Each project comes from a kind of notion, for example with the music history programme, I felt we all know the story of Western classical music from classes at school, although in the classical world the focus tends to be between 1650 and 1950 and of course there are many hundreds of years that are shunted off to the side. And the story is longer than that and has many beautiful elements. To my mind it is like an epic story or an epic poem, and I felt it would be useful, as in a time lapse photo, to watch it go by and feel the pull of time and see all the new ways in which each new gain or vision of music is also a loss – an incredible cycle of destruction and creation. I tried to find a way to do it in an evening’s span. I was very constrained – in the selection of pieces and how long each piece should be, so it was kind of a mental exercise.
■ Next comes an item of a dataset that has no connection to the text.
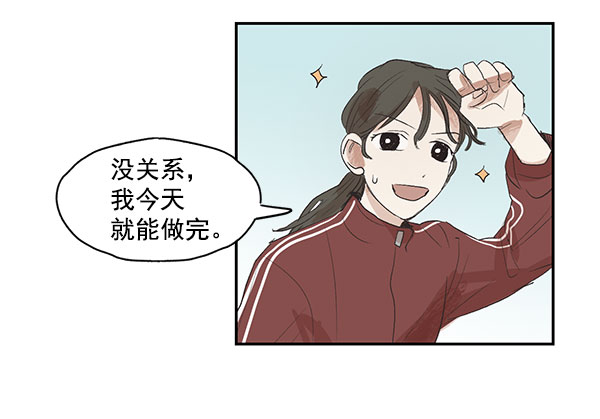 第4话26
When I did Goldbergs Variations and Ligeti Etudes that was interesting – Ligeti is all about disorder and chaos, and a new mathematical order to the world, whereas Bach is the opposite: at the end of the Variations it is all about order and clarity

As a musician, what is your definition of success?

This is a rather complicated thing to say but the times when I have felt in the moment of the performance I have brought the notes on the page to life in a weird way which is outside of me – that is the kind of success that I am after

What do you consider to be the most important ideas and concepts to impart to aspiring musicians?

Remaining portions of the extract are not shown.